PLEASE BOOKMARK (usually control-D) THIS PAGE NOW SO YOU CAN FIND IT AGAIN IN CASE OF AN EMERGENCY!


If you are experiencing a problem not reported here, check our web panel for more information.
(Please remember, posting in the comments here IS NOT an official way to contact DreamHost.)

Emergency OS patch on file server

Posted 4 hours, 26 minutes ago (May 9th, 2008 at 8:27 am PST) by Kelly

Severity: Low   Resolved: Yes

Per an open ticket with Sun we need to apply two patches to one of our file servers. This is to hopefully fix a degraded zpool which will not finish a parity rebuild. There are exactly 78 users in the frisky cluster on this file server. This will bring your email and web services offline for the time being. The patch should only require about 15 minutes of downtime. I apologize for doing this patch during peak hours, but we really need to get this data back up to full integrity.

Tech nerd details: The raid array is a raidz2 operating with one failed disk. It has been rebuilding off of a hot spare for a day or two and reset the rebuilding process itself after getting to 99%. We contacted Sun and after analyzing troubleshooting information believe a kernel + ZFS patch should resolve the problem. Fortunately this is a raidz2 so it can sustain a disk failure and still be fault tolerant.

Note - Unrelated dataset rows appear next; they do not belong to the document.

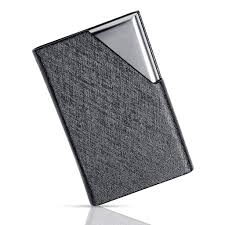 Free shipping on orders over $25 shipped by amazon. Ikr Business Card Holders Stainless Steel And Pu Leather Credit Card Name Card Organize Case For Men And Women Black Buy Online In Guyana At Guyana Desertcart Com Productid 125387607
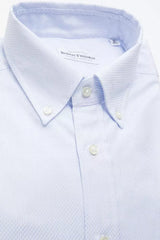 Robert Friedman Light Blue Cotton Men Shirt -   -  Robert Friedman.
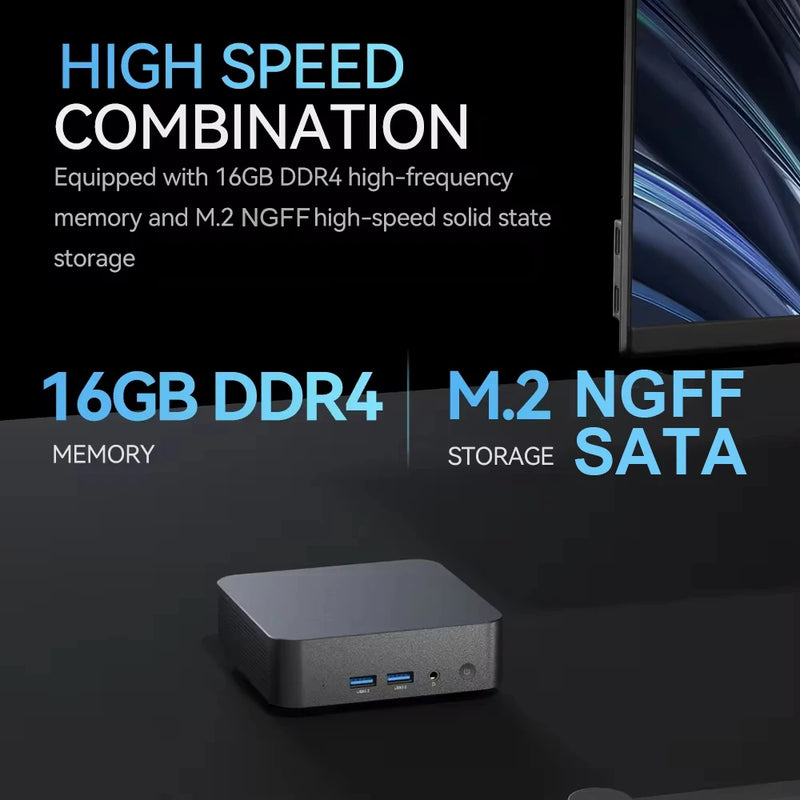 Protable Mini PC Windows 11 Pro intel Core i3 6100U 16GB RAM 1TB 2TB SSD PC Computer Dual WIFI 6 BT5.2 4K HD Mini Pc Desktop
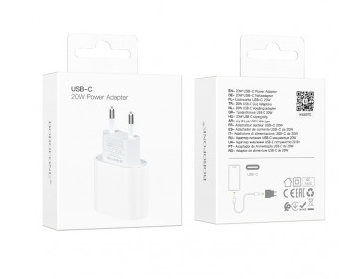Сетевое зар. устр. Borofone BA100A 1C 20W белое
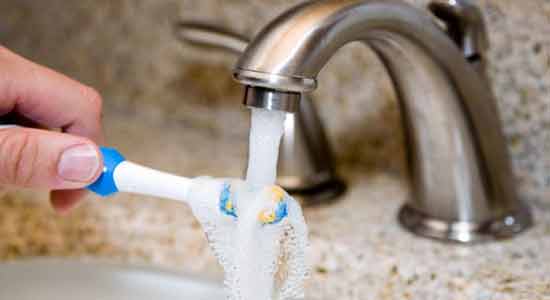 While Brushing Your Teeth Ways to Conserve Water at Home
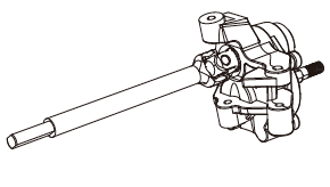 P8HSA04 Achsgruppe vorne links - Passend für MJX H8H Allrock 1:8 Rock Crawler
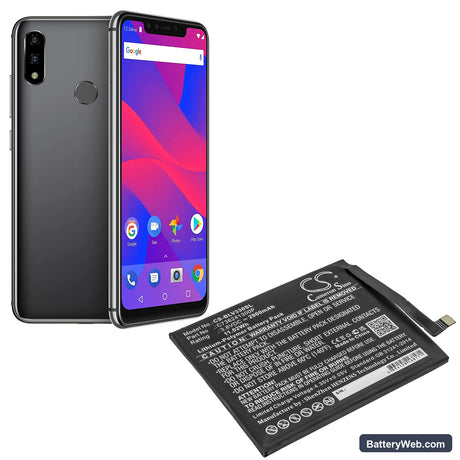 BLU Vivo XI Replacement Battery, 3.8V, 2900mAh, Li-Polymer 5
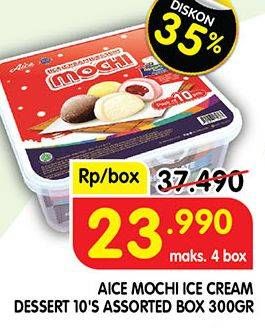 Promo Harga AICE Mochi Assorted 10 pcs - Superindo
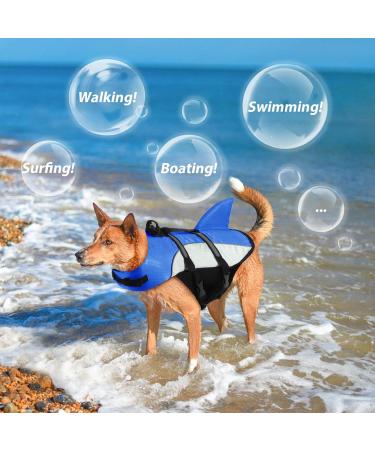 Alagirls Dog Life Jacket | Adjustable Shark-Print Safety Vest for Pets | Ripstop Design for Ultimate Safety - Buy Online on GoSupps.com
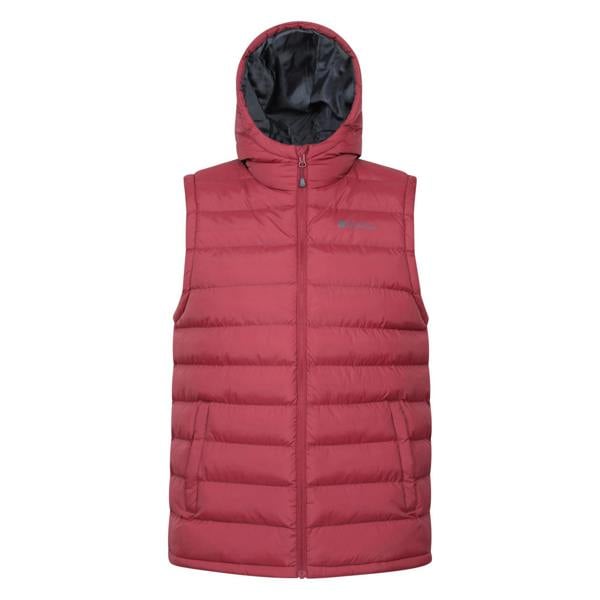 Mountain Warehouse Mens Seasons Hooded Padded Gilet - Red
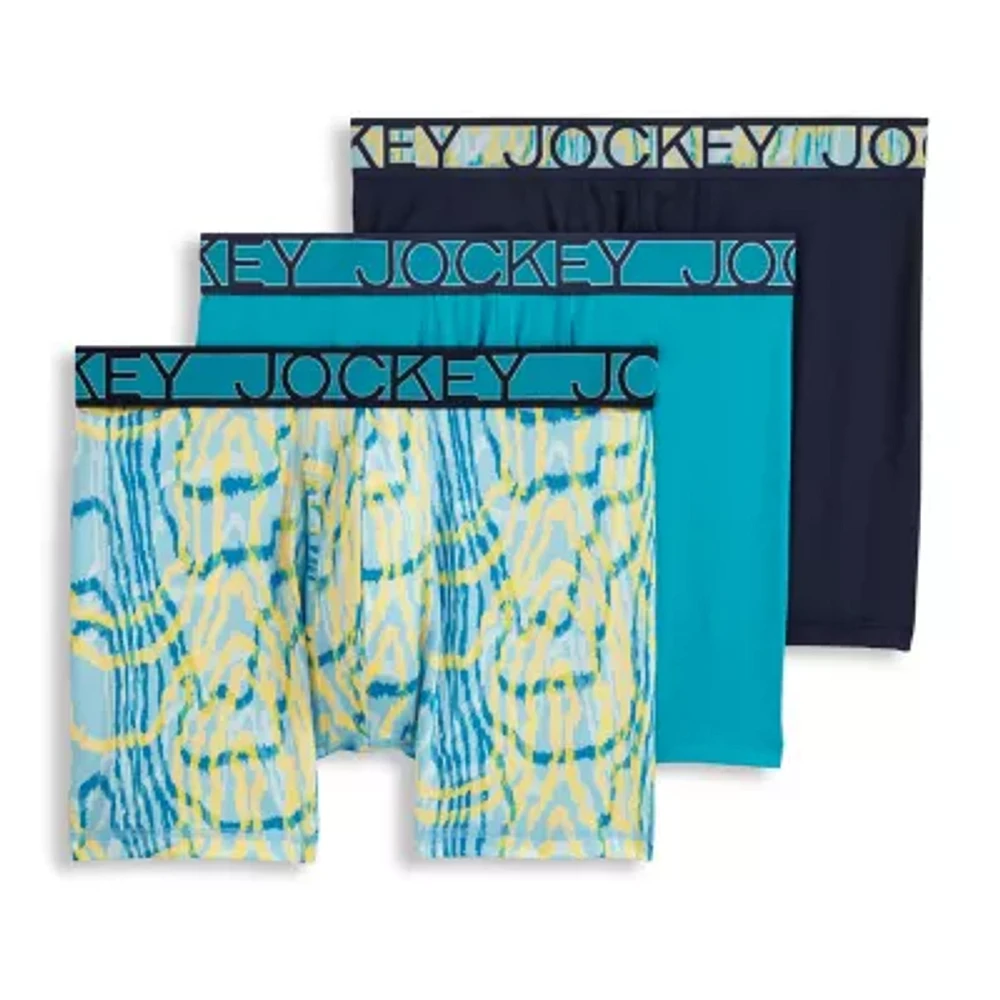 Jockey Active Micro Mens 3 Pack Boxer Briefs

Update: Well, one of the two patches was installed. It seems SunSolve is rejecting our service contract to download a specific patch in the dependency tree. We’ve updated our case with Sun. The system is back online and serving files!

DingDong and Pizarro down

Posted 17 hours, 40 minutes ago (May 8th, 2008 at 7:14 pm PST) by glen

Severity: Low   Resolved: Yes

The HTTP servers DingDong and Pizarro are both currently unresponsive to our reboot efforts. We are working on getting manual reboots done in their respective data centers or evaluating whither moving to new hardware is necessary. Estimated downtime as long as 1 hour.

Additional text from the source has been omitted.